For test doubles policy and violation examples, load the tdd-methodology skill.

Testing Boundaries per Architectural Layer

Layer	Test Strategy	Adapter Selection	Rationale
Domain	Pure unit test, zero I/O	N/A (no adapters)	Domain is pure functions — test with pure inputs
Application	InMemory ports for focused scenarios	InMemory doubles	Application orchestrates — test logic, not I/O
Adapter	REAL I/O ALWAYS*	Real system (tmp_path, subprocess, DB)	Adapter IS the I/O boundary — testing with InMemory defeats the purpose

*Exception: costly subprocesses (claude -p, LLM) and paid external APIs use contract smoke tests tagged @requires_external instead of real I/O. See nw-tdd-methodology Mandate 6 for the full adapter type → test type table. | WS/E2E | Per declared strategy (A/B/C/D) | Real for local, fake for costly | WS proves wiring — InMemory proves nothing about wiring |

Key Insight

A pure function stub at a driven port boundary models the port's CONTRACT, not the external system's BEHAVIOR. For every driven port stub, verify that an adapter integration test with real I/O covers the behavioral gap.

Integration Surface Ratio Heuristic

If the system's primary job is coordinating external processes (orchestrators, ETL, deployment scripts), invest MORE in WS and adapter integration tests than unit tests.

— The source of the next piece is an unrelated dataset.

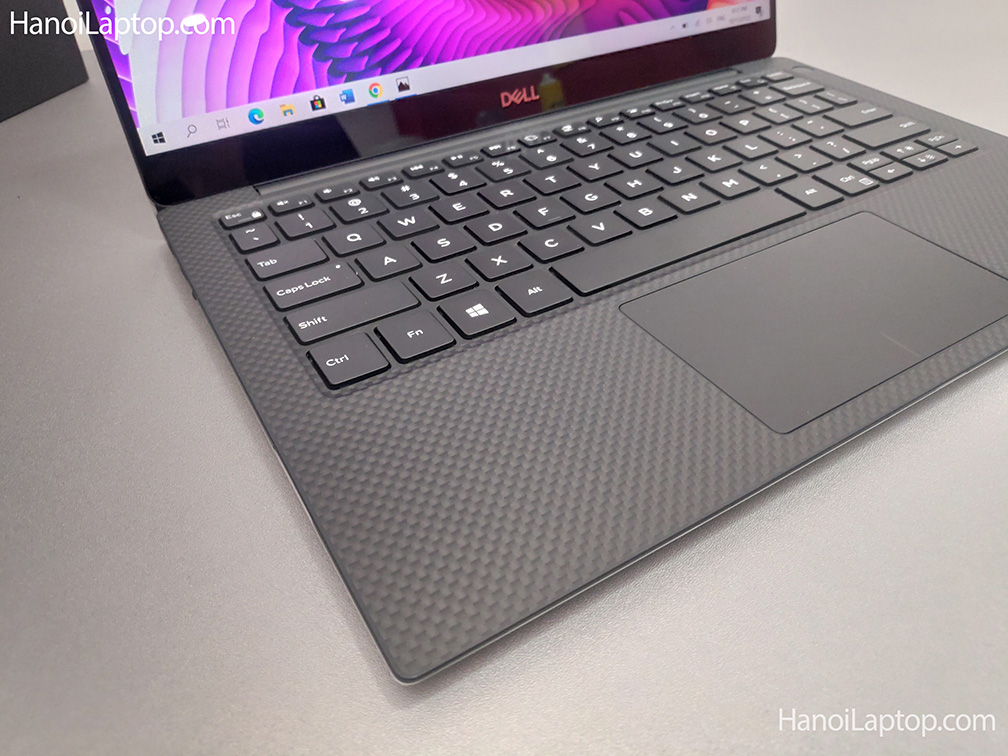 Dell XPS 9305 (9) Dell XPS 9305 (9)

If the system's primary job is domain computation (pricing, validation, parsing), the traditional pyramid applies.

Strategy D Fixture Template

# conftest.py
import os
import pytest

@pytest.fixture
def subprocess_runner():
    """Returns real or fake subprocess runner based on E2E mode."""
    if os.getenv("NWAVE_E2E_REAL_SUBPROCESS") == "1":
        from myapp.adapters.real_subprocess_runner import RealSubprocessRunner
        return RealSubprocessRunner()
    from tests.doubles.fake_subprocess_runner import FakeSubprocessRunner
    return FakeSubprocessRunner(exit_code=0, stdout="OK")

Naming convention for multi-port Strategy D: NWAVE_E2E_REAL_{PORT_NAME} per driven port (e.g., NWAVE_E2E_REAL_SUBPROCESS, NWAVE_E2E_REAL_DATABASE). Use NWAVE_E2E_MODE=real as composite flag to enable ALL real adapters at once for full E2E.